The multiplayer go-kart game fit into our household perfectly. My brother received the N64 for his birthday that year, and if I recall properly, Super Mario Kart 64 had been packaged with it. I still remember my brother’s meltdown of excitement when opening it, if we had caught that on camera we probably could have won some money on a certain family home movie show.
What ensued from that moment was countless hours between my brother, my sister and me. When all three of us played, we tended to play the battle mode, and usually selected the block fort stage. When my brother and I played, we would either play versus or two-player mode. When it was just me, I tried beating his high scores in time trials.

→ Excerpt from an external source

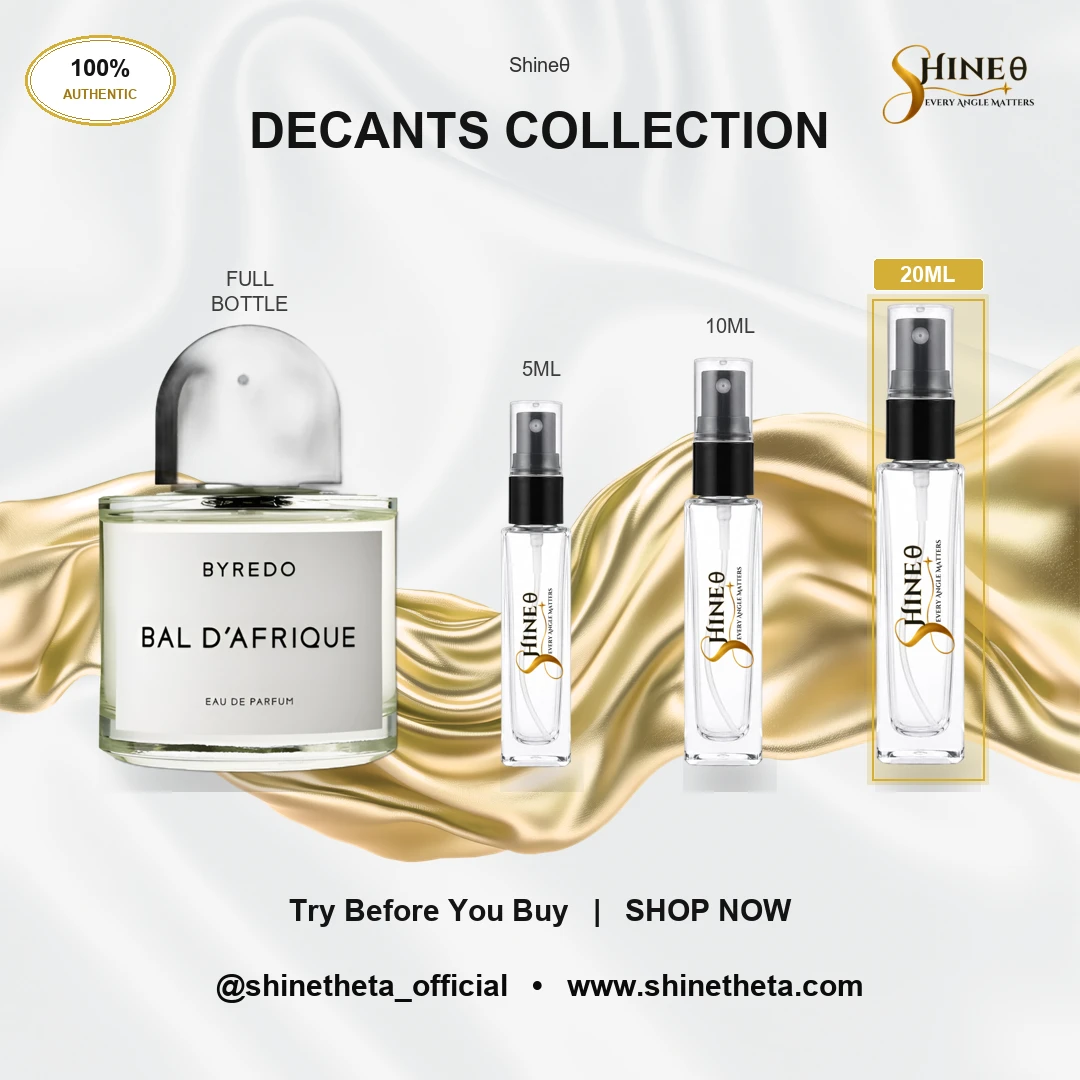 20mL Decant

Today, our N64 still works and I turn it on every so often to get that warm nostalgia running through my veins. The joysticks on our standard grey, green and red controllers may be completely busted, but we still own a bunch of games that didn’t get traded in at some point.
My parents may remember us playing the game a bit differently. My mom is quick to point out that there were always accusations of cheating, sibling rivalry working to its very core. There were physical shoves and several times, the sacrilegious act of throwing a controller down in defiance. A lot of times this was done while driving the course of Rainbow Road. Split screen cheating was never okay in our household.
Mario Kart 64 is the second best selling game for the N64, right behind Super Mario 64. Its first release was on December 16, 1996 in Japan. There are a few differences in the Japanese version and the North American version, for one, there are no fake advertisements such as ‘Marioro’ (a spoof of Marlboro) in the NA game.
The game is seminal in my experience as a video game player and I’m thankful I can still play it on my N64, or even on my Wii. The successors have added new features and ways to play, but Mario Kart 64 will always remain my favorite way.